Os responsáveis pelas CIM foram unânimes em saudar a “suspensão” da carta de perigosidade, considerando haver “situações que têm que ser clarificadas”, com Luís Marques, em representação dos autarcas das Beiras e Serra da Estrela, a alertar para as condicionantes nas áreas de elevada perigosidade definidas “sem atender às especificações do território”.
“As entidades sub-regionais e os autarcas têm que ser ouvidos”, acrescentou o presidente da CIM de Viseu, Fernando Ruas, manifestando a preocupação de que a carta, nos moldes em que foi aprovada, possa “ser um fator para aumentar a desertificação”, face às proibições de edificação em solo rústico nas áreas de perigosidade elevada ou máxima.

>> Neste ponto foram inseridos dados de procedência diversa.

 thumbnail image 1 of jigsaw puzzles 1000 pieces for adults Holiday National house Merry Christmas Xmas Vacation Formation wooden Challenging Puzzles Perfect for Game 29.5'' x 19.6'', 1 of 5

Uma preocupação secundada pelo representante da CIM de Aveiro, que lembrou aos deputados que 75% do território desta região está em concelhos serranos, e pelo representante da comunidade de Coimbra, José Rolo, que aludindo aos incêndios de 2017, “que já castigaram fortemente” a região, alertou que aquela zona não pode ser duplamente castigada com as condicionantes geradas pelas áreas de prevenção e segurança.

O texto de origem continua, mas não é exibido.